**The task:** Copy exactly the lines of the material below that fall between the line with "Terreno para Venda em Bugalhos Foto 7" and the line with "A Pomeranian dog", both of those lines included; pictures stay out.

**Excerpted records:**

------------------------------------------------------------

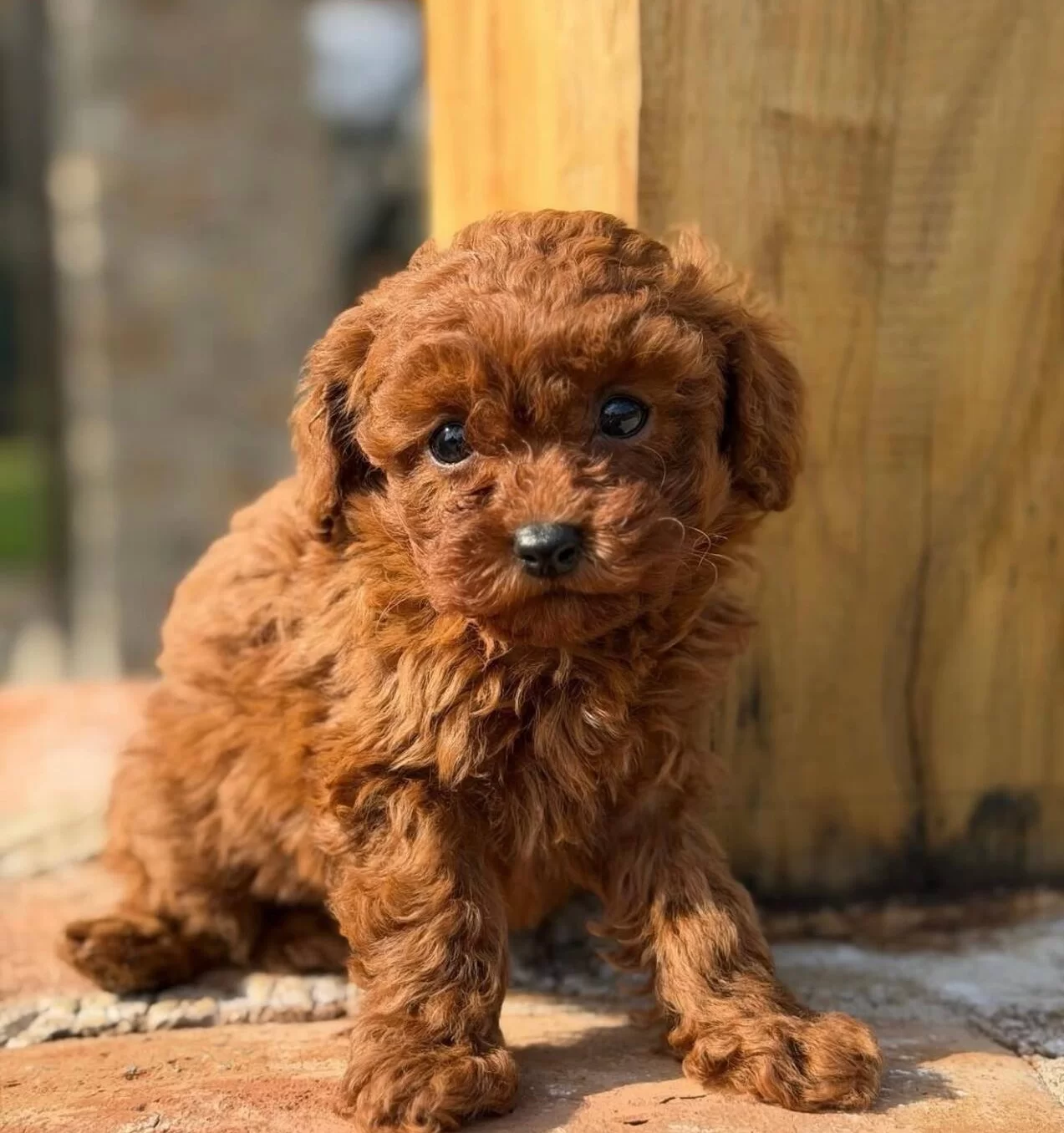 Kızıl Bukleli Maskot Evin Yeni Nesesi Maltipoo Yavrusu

------------------------------------------------------------

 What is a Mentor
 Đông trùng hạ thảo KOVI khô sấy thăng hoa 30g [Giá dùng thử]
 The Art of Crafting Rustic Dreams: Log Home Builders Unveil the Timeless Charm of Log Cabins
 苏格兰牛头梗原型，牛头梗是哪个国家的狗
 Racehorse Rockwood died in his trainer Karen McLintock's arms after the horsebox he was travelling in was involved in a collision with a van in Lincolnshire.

------------------------------------------------------------

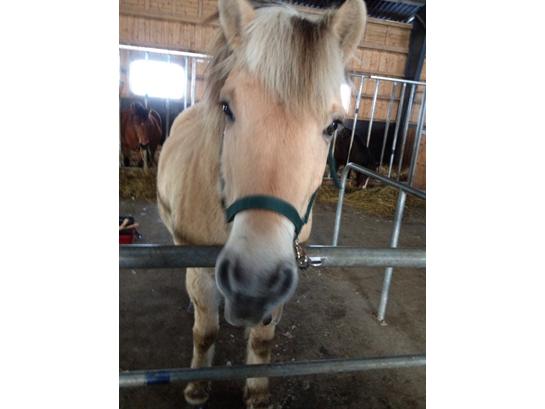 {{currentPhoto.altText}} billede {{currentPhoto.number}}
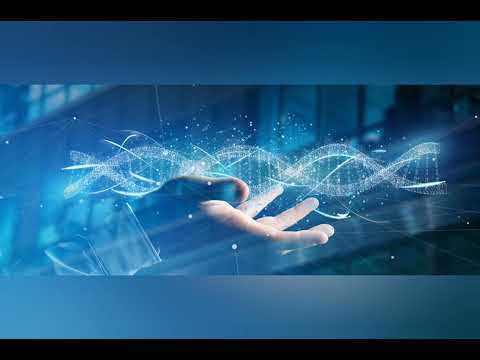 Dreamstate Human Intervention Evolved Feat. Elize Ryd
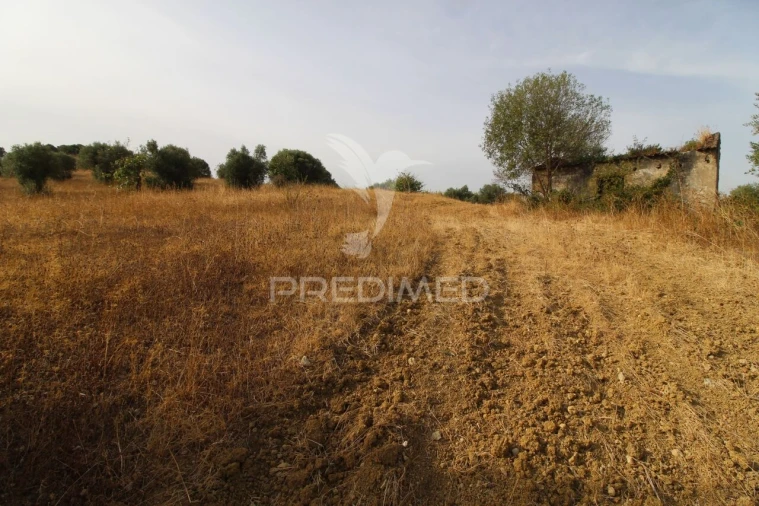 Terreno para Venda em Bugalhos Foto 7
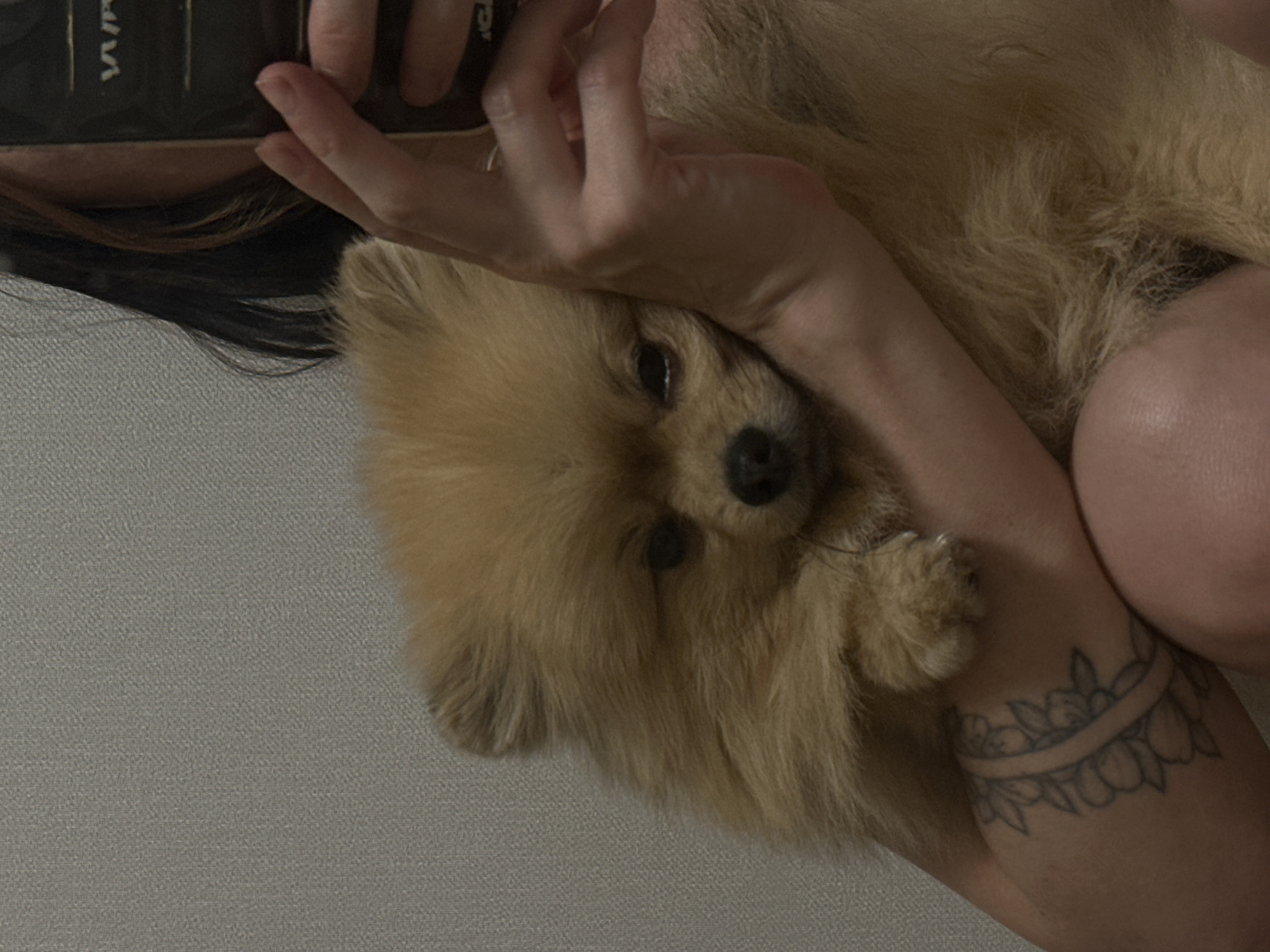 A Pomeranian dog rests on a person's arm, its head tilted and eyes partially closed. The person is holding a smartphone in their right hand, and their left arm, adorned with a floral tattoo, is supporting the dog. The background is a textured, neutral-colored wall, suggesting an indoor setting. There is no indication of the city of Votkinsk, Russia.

------------------------------------------------------------

**Task result:**
 Terreno para Venda em Bugalhos Foto 7
 A Pomeranian dog rests on a person's arm, its head tilted and eyes partially closed. The person is holding a smartphone in their right hand, and their left arm, adorned with a floral tattoo, is supporting the dog. The background is a textured, neutral-colored wall, suggesting an indoor setting. There is no indication of the city of Votkinsk, Russia.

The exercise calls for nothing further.